### TASK PROMPT
In the data below, find the line with "Female head texture" and the line with "No Boxing No", then restate both and every line between them exactly, minus the pictures.

### RECORDED INFORMATION
· · · · · · ·

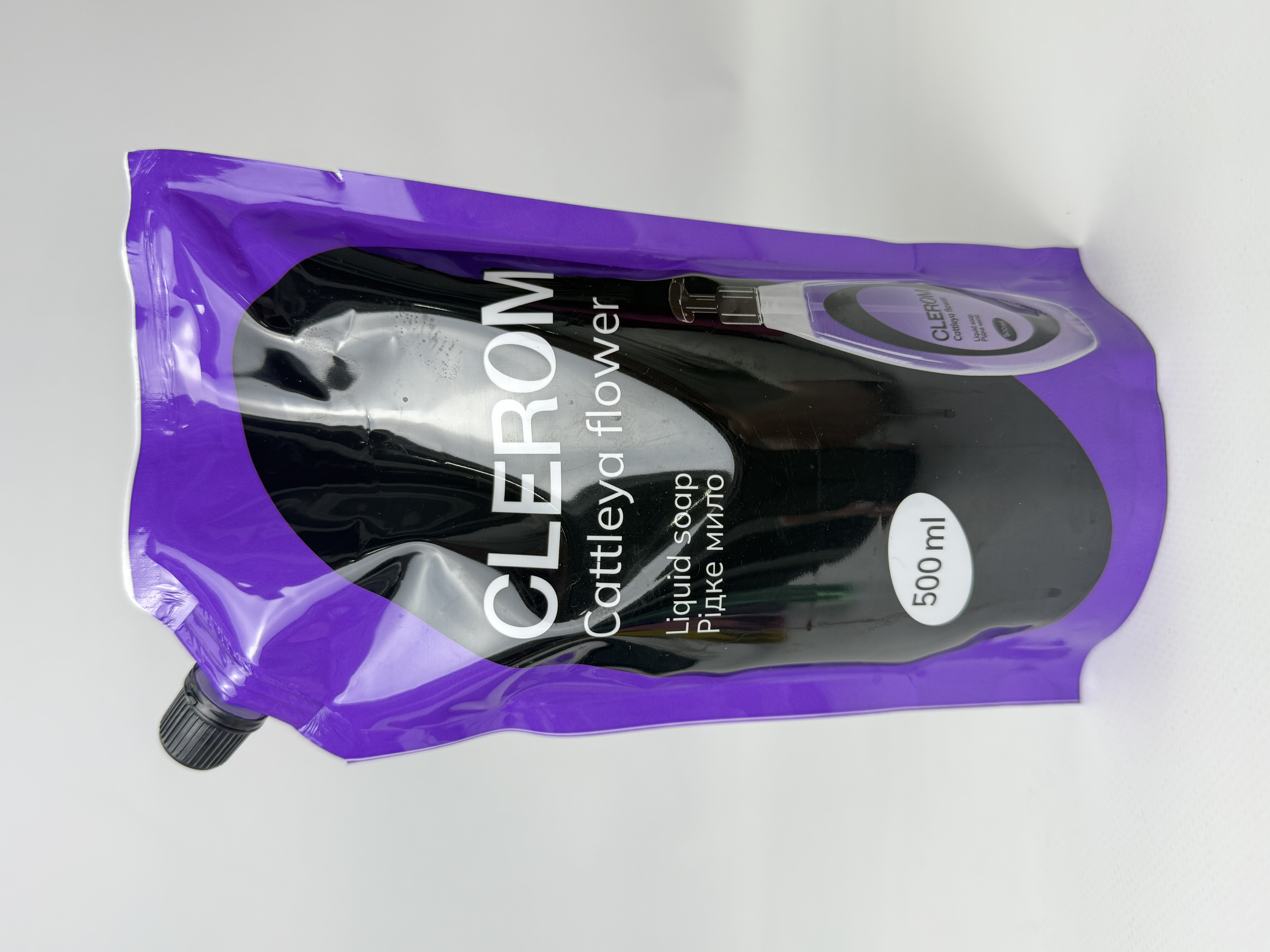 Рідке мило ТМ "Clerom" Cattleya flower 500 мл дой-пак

· · · · · · ·

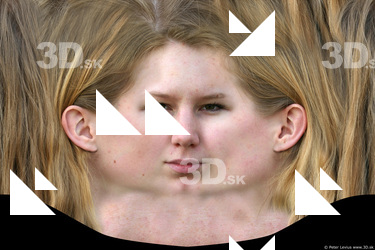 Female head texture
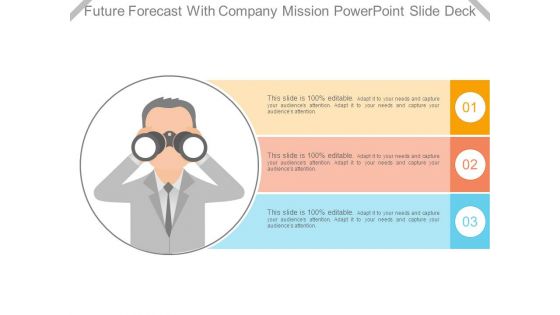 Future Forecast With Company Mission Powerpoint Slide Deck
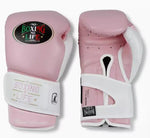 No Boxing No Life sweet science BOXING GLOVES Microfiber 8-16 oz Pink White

· · · · · · ·

### EXPECTED ANSWER
 Female head texture
 Future Forecast With Company Mission Powerpoint Slide Deck
 No Boxing No Life sweet science BOXING GLOVES Microfiber 8-16 oz Pink White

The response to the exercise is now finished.